人工知能技術はどこまでゲームに実装できるのか!? 白熱のディスカッションをリポート!【CEDEC 2014】_01
人工知能技術はどこまでゲームに実装できるのか!? 白熱のディスカッションをリポート!【CEDEC 2014】_02
人工知能技術はどこまでゲームに実装できるのか!? 白熱のディスカッションをリポート!【CEDEC 2014】_03
▲左から三宅氏、深見氏、稲葉氏。異なるジャンルで活躍する3名が、AIの未来を語った。

言語解析はゲームに本格導入されるべき

 ディスカッションは、それぞれの立場から各テーマの解説がなされ、その後ほかのふたりが絡んでいくという、“公演&ディスカッション”が重なる形式。まずは三宅氏が先陣を切り、今回なぜ言語解析を取り上げたかを語った。
 「言語解析は、コンシューマではとくに、ほとんど用いられていないんですね。RPGやアドベンチャーで毎回NPCが同じ会話をしたり、短調なくり返しの会話が続いたり、それをそろそろ変える時期が来ているんじゃないかと考えています。言語解析の技術を、ゲーム開発に本格的に導入すべき時期ではないかと思います」(三宅氏)。
 三宅氏によると、ゲームで用いられるAIの流れは、アカデミックのAI開発技術に少し遅れて導入される傾向があるという。年月はだいたい10年遅れ。そう考えれば、そろそろセマンティック(コンピュータに文書や情報の持つ意味を正確に解釈させ、文書の関連付けや情報収集などの処理を自動的に行わせる技術)と言語解析が、ゲームに流れてくる時期ではないかと三宅氏は分析。さらに、“言語解析と学習”に関しては、この世代(PS4、Xbox One)でブレイクするであろうと予測を述べた。こういった技術に関してゲーム産業は不慣れなので、今回は専門のゲストを招いてご登壇いただく流れになったそうだ。

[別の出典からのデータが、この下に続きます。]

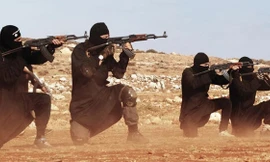 Phiến quân tổ chức Nhà nước Hồi giáo tự xưng (IS)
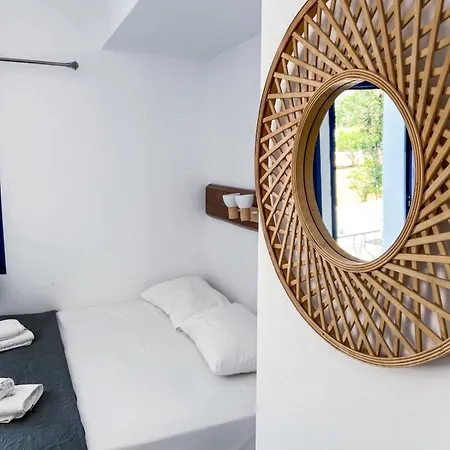 Apartament Liostasi *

 言語解析や物語生成といった技術は、世界的にも未成熟だが、海外でも研究している開発者は多いと三宅氏は語る。そこで、ならばどうやって物語生成をしていくのかについて、三宅氏が紹介した例が“プランニング”というものだ。たとえば、A「地図を持ってない主人公が、ジャンプで地図を入手した」、B「地図を入手して、宝箱を開いて鍵を見つけた」という、“前提→物語→結果”をひとつの要素の単位として作っていく。するとどういうことができるかというと、結果条件と前提条件をつなげることができる。前出の例だと、地図入手(Aの結果)=地図入手(Bの前提)でつながるわけだ。この手法はチェイニングと呼ばれ、どんどんつなげていくことで物語ができ上がっていく。こうしたプランニングを基礎として、物語を自動生成していこという試みがなされているとのことだ。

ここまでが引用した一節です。